Dataflow Programming

Dataflow programming is fundamentally about describing your program as independent components, each of which operate in response to the availability of input data, as well as describing the connections between these components. This has several advantages, mostly in how it allows a computer to execute your program, but it can take a bit of thinking to re-imagine your imperative computation as a dataflow computation.

An example

Let's write an overly simple dataflow program. Remember our examples/hello.rs program? We are going to revisit that, but with some timestamp aspects removed. The goal is to get a sense for dataflow with all of its warts, and to get you excited for the next section where we bring back the timestamps. :)

Here is a reduced version of examples/hello.rs that just feeds data into our dataflow, without paying any attention to progress made. In particular, we have removed the probe() operation, the resulting probe variable, and the use of probe to determine how long we should step the worker before introducing more data.
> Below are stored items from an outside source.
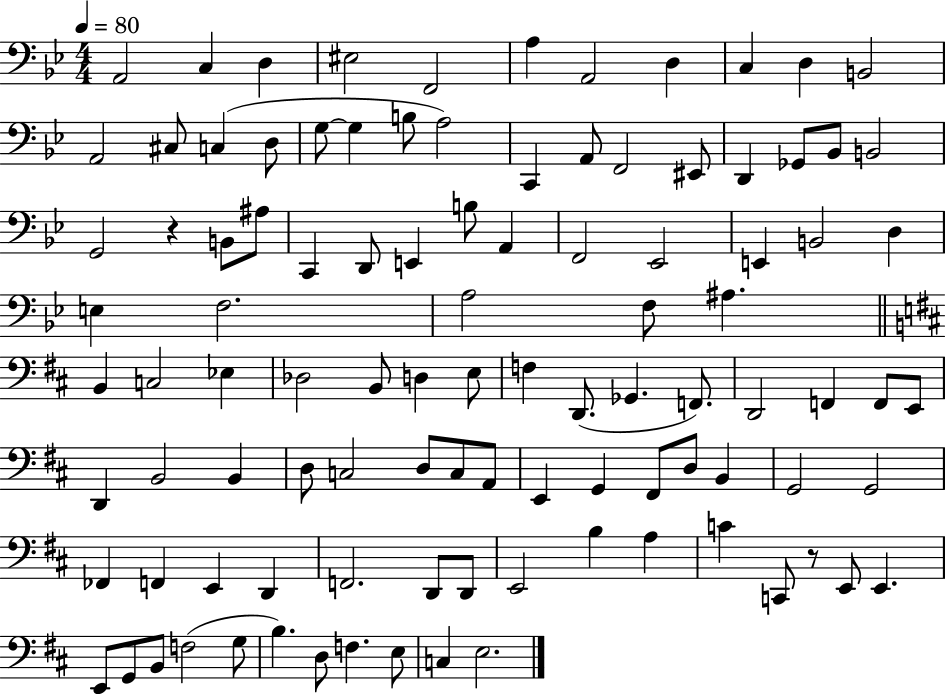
{
  \clef bass
  \numericTimeSignature
  \time 4/4
  \key bes \major
  \tempo 4 = 80
  a,2 c4 d4 | eis2 f,2 | a4 a,2 d4 | c4 d4 b,2 | \break a,2 cis8 c4( d8 | g8~~ g4 b8 a2) | c,4 a,8 f,2 eis,8 | d,4 ges,8 bes,8 b,2 | \break g,2 r4 b,8 ais8 | c,4 d,8 e,4 b8 a,4 | f,2 ees,2 | e,4 b,2 d4 | \break e4 f2. | a2 f8 ais4. | \bar "||" \break \key d \major b,4 c2 ees4 | des2 b,8 d4 e8 | f4 d,8.( ges,4. f,8.) | d,2 f,4 f,8 e,8 | \break d,4 b,2 b,4 | d8 c2 d8 c8 a,8 | e,4 g,4 fis,8 d8 b,4 | g,2 g,2 | \break fes,4 f,4 e,4 d,4 | f,2. d,8 d,8 | e,2 b4 a4 | c'4 c,8 r8 e,8 e,4. | \break e,8 g,8 b,8 f2( g8 | b4.) d8 f4. e8 | c4 e2. | \bar "|."
}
#![allow(unused_variables)]
extern crate timely;

use timely::dataflow::InputHandle;
use timely::dataflow::operators::{Input, Exchange, Inspect, Probe};

fn main() {
    // initializes and runs a timely dataflow.
    timely::execute_from_args(std::env::args(), |worker| {

        let index = worker.index();
        let mut input = InputHandle::new();

        // create a new input, exchange data, and inspect its output
        let probe = worker.dataflow(|scope|
            scope.input_from(&mut input)
                 .exchange(|x| *x)
                 .inspect(move |x| println!("worker {}:\thello {}", index, x))
                 .probe()
        );

        // introduce data and watch!
        for round in 0..10 {
            if worker.index() == 0 {
                input.send(round);
            }
            input.advance_to(round + 1);
            // worker.step_while(|| probe.less_than(input.time()));
        }
    }).unwrap();
}

This program is a dataflow program. There are two dataflow operators here, exchange and inspect, each of which is asked to do a thing in response to input data. The exchange operator takes each datum and hands it to a downstream worker based on the value it sees; with two workers, one will get all the even numbers and the other all the odd numbers. The inspect operator takes an action for each datum, in this case printing something to the screen.

Importantly, we haven't imposed any constraints on how these operators need to run. We removed the code that caused the input to be delayed until a certain amount of progress had been made, and it shows in the results when we run with more than one worker:

    Echidnatron% cargo run --example hello -- -w2
        Finished dev [unoptimized + debuginfo] target(s) in 0.0 secs
        Running `target/debug/examples/hello -w2`
    worker 1:	hello 1
    worker 1:	hello 3
    worker 0:	hello 0
    worker 1:	hello 5
    worker 0:	hello 2
    worker 1:	hello 7
    worker 1:	hello 9
    worker 0:	hello 4
    worker 0:	hello 6
    worker 0:	hello 8
    Echidnatron%

What a mess. Nothing in our dataflow program requires that workers zero and one alternate printing to the screen, and you can even see that worker one is done before worker zero even gets to printing hello 4.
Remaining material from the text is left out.